Need advice. Didn't replace fuel injectors yet, and will do so very shortly. My car seems to shake, pretty violently somewhat, when cold. Then, as she warms up, it gets better and better and it goes away almost completely but not entirely.

I thought it was almost like a misfire, but I recently replaced all the spark plugs, wires, distributor cap and rotor, and PCV valve, gas filter, and air filter: in other words, complete tuneup. No wires on any spark plug are loose, and I've checked that repeatedly. 

(Previously dealer said one injector was showing 17 ohms and the others 12 ohms). Techtron fuel cleaner in the fuel tank and on the car fuel injection flush directly into the fuel rail didn't seem to do alot of good, but it smoothed out marginally, but not completely. 

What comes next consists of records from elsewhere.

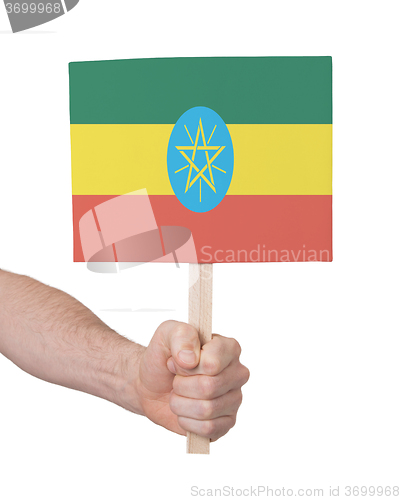 Image of Hand holding small card - Flag of Ethiopia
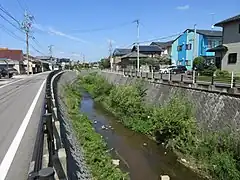 平成20年8月末豪雨の後、伊賀川では堤外家屋の移転と撤去、河川の断面拡大と護岸工事などが行われた（写真右側が元能見町）。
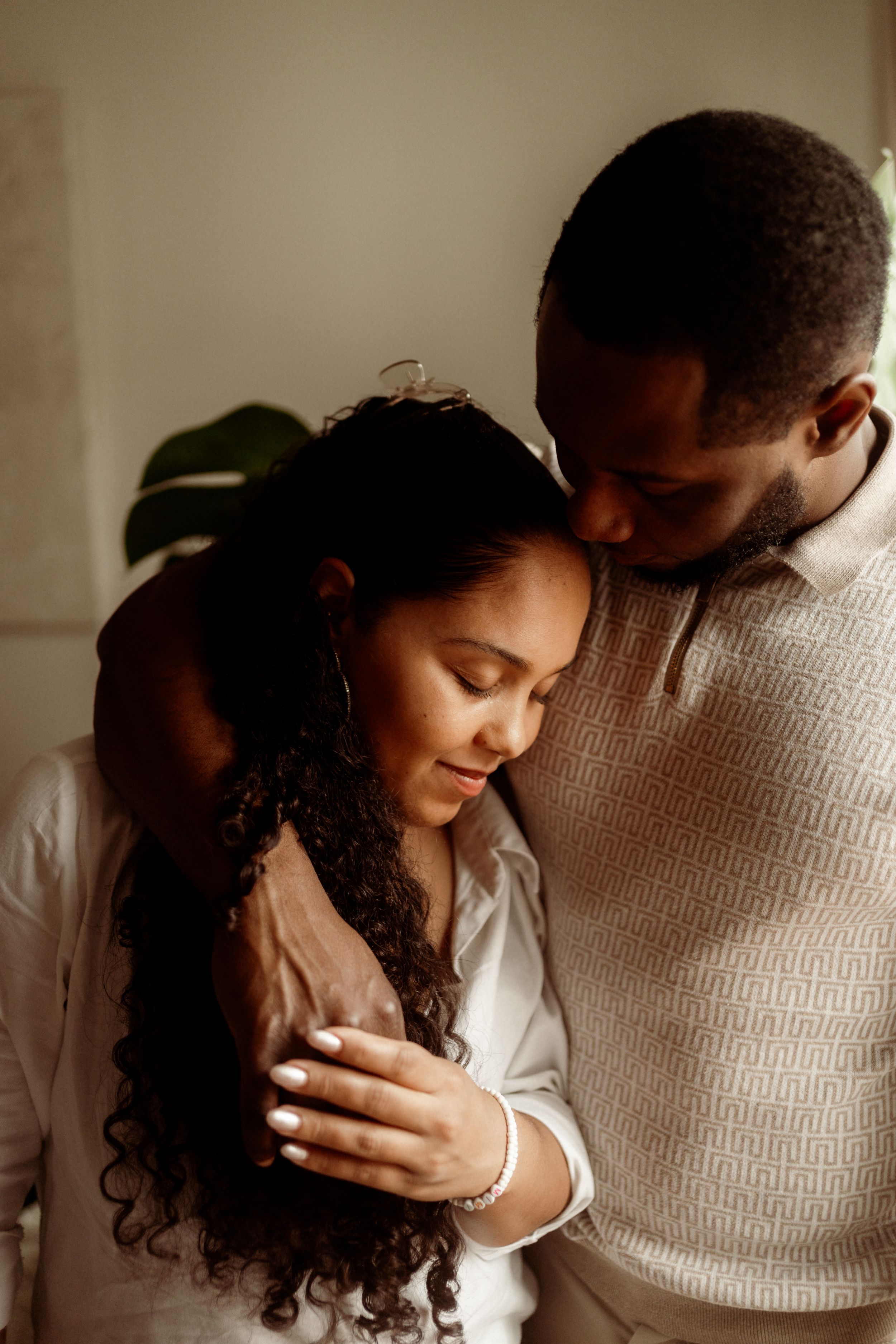 A romantic couple embraces in soft window light while sharing an intimate moment together.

Why does it seem to happen only, and is worse, when the car is cold though? In other words, I suspect a fouled injector on one cylinder as the culprit, but it could it have something to do with EGR? Any advice appreciated.


----------



## internetautomart (Mar 8, 2004)

I'm thinking coolant temperature sensor.


----------



## OnTheRoad (Dec 19, 2005)

Also check oxygen sensor. They have a tendency to go out after 10 years.


----------



## bigern45 (Oct 25, 2005)

have you tried disconnecting injectors one at a time to see what effect it has on your shake? if you are at all mechanically inclined, this is not very hard to do, you might even try to do it while the car is running. unhook the injectors one at a time and see if there is one that does little or nothing to effect the engine performance. if you remove spark or injector pulse from any given cylinder in a perfect running engine, a noticable shake or misfire should be apparent. if you remove one from a cylinder on your engine and nothing happens, you have found the cylinder causing the shake. then check that cylinder for spark, fuel injector pulse and fuel injector operation, and last, cylinder compression. if they all start running bad to a degree when spark or fuel is removed from a cylinder, you could have an egr valve stuck partially open. you could also have a blown headgasket. sometimes when the vehicle warms up, the gasket material will seal to a degree and a misfire not be as apparent once the car is warm, but runs really poor when it is cold


----------



## alexnds (Oct 1, 2005)

*Fuel injector problem*



bigern45 said:


> have you tried disconnecting injectors one at a time to see what effect it has on your shake? if you are at all mechanically inclined, this is not very hard to do, you might even try to do it while the car is running. unhook the injectors one at a time and see if there is one that does little or nothing to effect the engine performance. if you remove spark or injector pulse from any given cylinder in a perfect running engine, a noticable shake or misfire should be apparent. if you remove one from a cylinder on your engine and nothing happens, you have found the cylinder causing the shake. then check that cylinder for spark, fuel injector pulse and fuel injector operation, and last, cylinder compression. if they all start running bad to a degree when spark or fuel is removed from a cylinder, you could have an egr valve stuck partially open. you could also have a blown headgasket. sometimes when the vehicle warms up, the gasket material will seal to a degree and a misfire not be as apparent once the car is warm, but runs really poor when it is cold



Thank you indeed very much for your suggestion. I think you're on the right track. You see, I did the spark plug test already on my own, but I didn't do the fuel injector test like you suggested. I wanted to see if one cylinder misfiring was fuel injector related, or spark plug related. So far, pulling spark on all cylinders resulted in same basic condition, except the #5 cylinder, as label from distributor cap shows it to be #5. By pulling out that one, motor just stops, and quits, but doing one at a time on the other ones, it doesn't do that. Also, you're right about warming up. As soon as she is much,much warmer, she settles down considerably and it's almost, but not quite, like the problem is not there, but when she's cold, the problem is much, much worse. Even the exhaust pulses abnormally. I think that the motor is running on 5 out of 6 cylinders most of the time, as fuel is probably basically absent from one cylinder mostly. I leave the engine off and she stays in my garage mostly parked until I can get it fixed, because I don't want to cause a burnt piston from lack of fuel to one cylinder. 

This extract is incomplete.